Die Polizisten mit meiner Brieftasche

Vor einigen Jahren war ich für meinen Roman „69 Stunden ins Paradies“ auf Recherchereise im Senegal. Dabei wollte ich wie hunderte andere kulturbewusste Touristen mit der Fähre auf die sogenannte Sklaveninsel Gorée fahren. Am Fährterminal in Dakar hatten sich unzählige Menschen eingefunden: Händler am Weg zur Arbeit, spielende Kinder, selbsternannte Reiseleiter, Straßenkünstler, die vorhin genannten Touristen, einige zwielichtige Gestalten und – das Ganze gemütlich mit Abstand beobachtend – zwei Polizisten in Uniform und mit Handschellen und Schlagstock.

Wie das halt auf der ganzen Welt so ist: Wo ein Gedränge herrscht, ist auch der Arbeitsplatz für Taschendiebe.
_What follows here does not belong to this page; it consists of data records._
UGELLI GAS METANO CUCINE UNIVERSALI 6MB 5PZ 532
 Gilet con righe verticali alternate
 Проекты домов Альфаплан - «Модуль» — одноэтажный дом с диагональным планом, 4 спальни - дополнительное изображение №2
Und so dauerte es nicht lange, schrie ein aufgebrachter Tourist auch schon nach seiner Geldbörse und seinem Handy. Einige Frauen in wunderschönen bunten westafrikanischen Kleidern wurden aufmerksam und stürzten sich gemeinsam mit einem dreizehnjährigen Brillenträger auf einen Verdächtigen. Er war tatsächlich der Gauner. Sie hielten ihn fest, bis irgendwann gemütlich die Polizisten dazukamen. Sie legten ihm Handschellen an, nahmen ihn mit und führten ihn aus dem Gedränge. Als sich alles wieder etwas beruhigt hatte, sah ich: Dem jungen Brillenträger war bei seinem Einsatz die Brille zerbrochen. Da er alles andere als wohlhabend wirkte, wollte ich sein Engagement belohnen. Ich griff in die Tasche, um meine Geldbörse herauszunehmen, da merkte ich – auch die war weg! Sofort lief ich den Polizisten hinterher und sah, wie sie gemütlich lachend mit dem mittlerweile handschellenlosen Gauner auf einer Bank saßen und dessen Diebesgut sichteten.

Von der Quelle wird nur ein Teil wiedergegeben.